Focus recruitment on fostering, not adoption

About this recommendation

Many child welfare systems license hundreds of families that are only interested in adopting infants. These homes are not always needed and can take up valuable staff time and financial resources to license and maintain.

By updating your recruitment materials, messaging, and inquiry forms, you can highlight the real needs of your child welfare agency: foster families who will prioritize helping to reunify and heal a child’s family of origin or provide permanency for older youth and sibling groups. Case workers should have multiple conversations about potential families’ expectations and work to clarify that fostering is not the right choice for a family that is only looking to adopt an infant.

How to do this

  • If you ask about placement preferences in your inquiry form, remove references to adoption. Draft email and letter templates to respond to families who are only interested in adoption, to redirect them to legally-free youth in need of families.
  • Promotional materials about adoption should reflect the children who need adoptive homes. You can remove or replace any photos or references to babies and toddlers.
  • Train staff in how to discuss and realign expectations with families who are interested in fostering to adopt.

Anticipated costs and benefits

Costs

Benefits


  • Low to no cost
  • Wider pool of appropriate placement options
  • Increased recruitment of families who are interested in fostering and not only adoption

Who's doing this

4 of 54 states and territories have implemented this recommendation.

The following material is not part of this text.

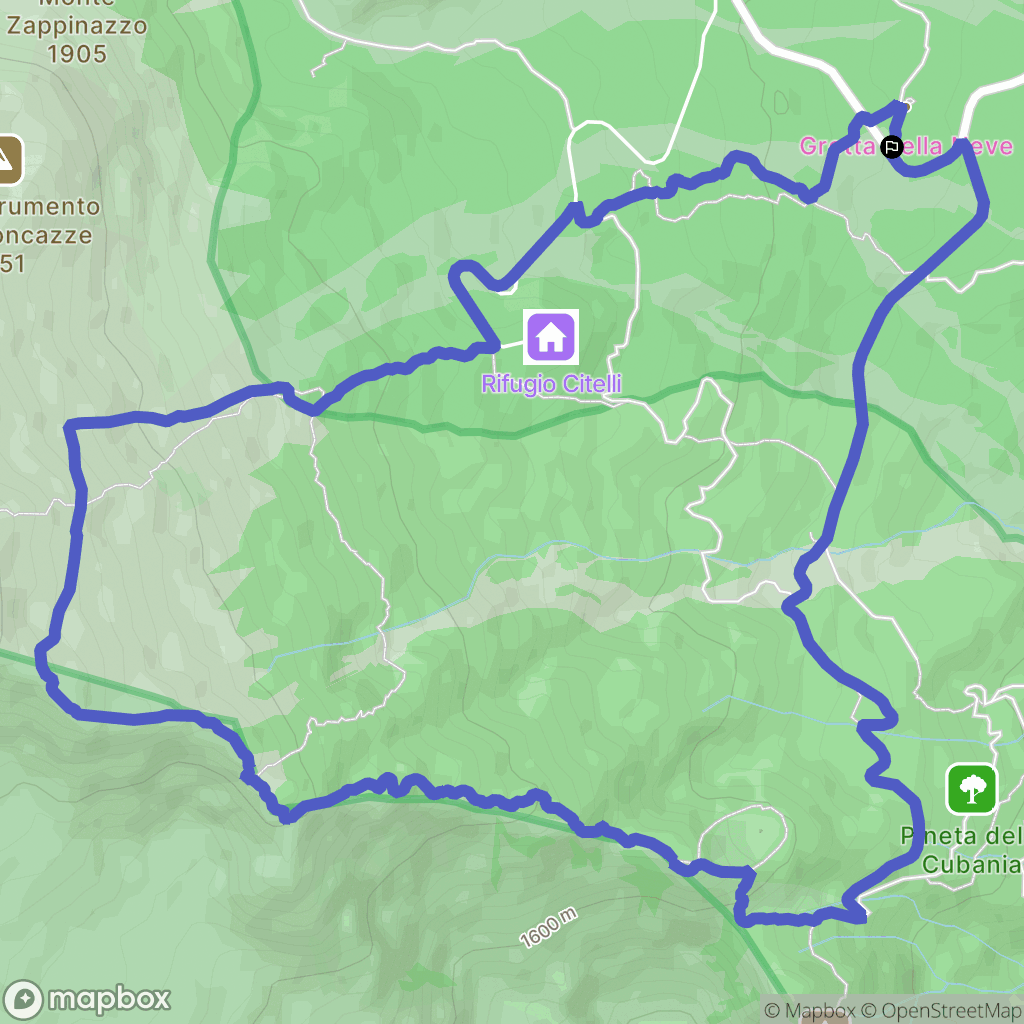  : carte du parcours de randonnée - Italy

  • Montgomery County, MD’s statute states “our purpose is to meet the needs of the kids in our community” and they have no children awaiting adoption. They use this statute to politely decline families who are only interested in adoption.
  • Washington, D.C. helps set expectations during orientation, by sharing that they have not had a legally-free infant available in over a decade. They also remind families that the agency is not an adoption agency.
  • Indiana maintains clear messaging with potential foster families as well as staff, to remind all parties that their role is to support the reunification of the family of origin. They report that this video is helpful in training.